I get asked all the time, “If I incorporate a business that will be located in California and will be strictly online with no principal office location, do I still have to register to do business in California?” This is an important question, most importantly for tax reasons.
Before you even make your first sale, the California franchise tax board says that all corporations and LLCs are required to pay at least an $800 franchise tax if they:
- Incorporated or organized in California.
- Qualified or registered to do business in California.
Under the rules of the Franchise Tax Board, you are doing business in California, whether or not they incorporated, organized, qualified, or registered under California law.
Furthermore, entities are required to pay the minimum franchise tax whether they are active, inactive, or operating at a loss.
Okay, but that still doesn’t define “doing business in California.” Through 2010, doing business in California was broadly defined as “actively engaging in any transaction for the purpose of financial gain or profit.” It was a pretty vague definition to say the least.

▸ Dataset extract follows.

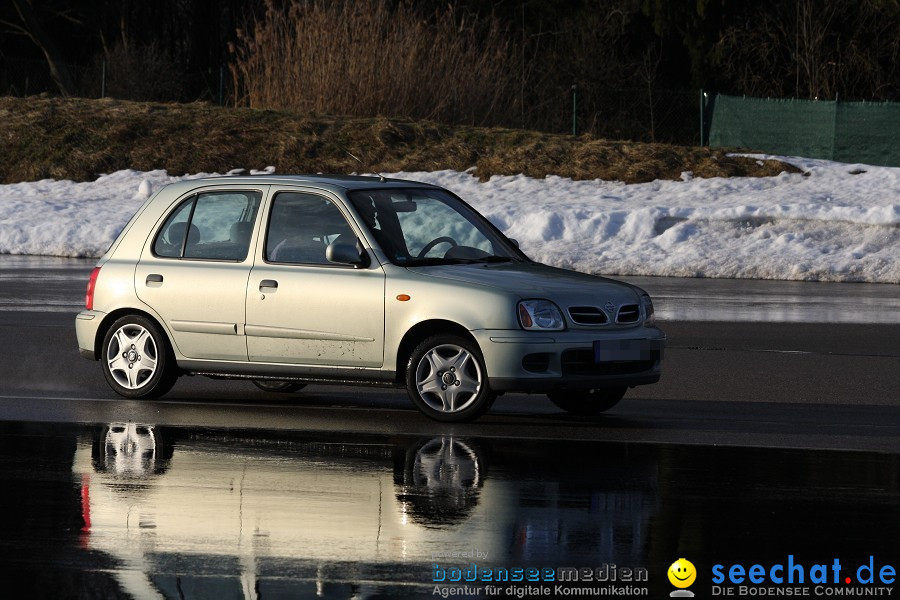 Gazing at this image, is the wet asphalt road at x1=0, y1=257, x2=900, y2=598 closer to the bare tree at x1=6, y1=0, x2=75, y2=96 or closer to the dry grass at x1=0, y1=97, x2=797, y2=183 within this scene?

Since 2011, an entity is considered to be doing business in California if it meets one of the following criteria:
- The entity’s California compensation exceeds either $50,000 (annually adjusted for inflation) or 25 percent of the total compensation paid by the entity.
- The entity is actively engaging in any transaction for the purpose of financial gain or profit.
- The entity is organized or commercially domiciled in this state. To be commercially domiciled in this state generally means that this state is the principal place from which the trade or business of the entity is directed or managed.
- The entity’s California sales exceed either $500,000 (annually adjusted for inflation) or 25 percent of their total sales. “Sales” include sales made by an agent or independent contractor of the entity.
- The entity’s California real property and tangible personal property exceeds either $50,000 (annually adjusted for inflation) or 25 percent of their total real property and tangible personal property.
Though the new definition was written to include the original definition of doing business, I think the added tests make it clear that if you are a corporation or LLC generating income in California or maintaining tangible property in California, YOU ARE DOING BUSINESS IN CALIFORNIA, and should file a foreign qualification there.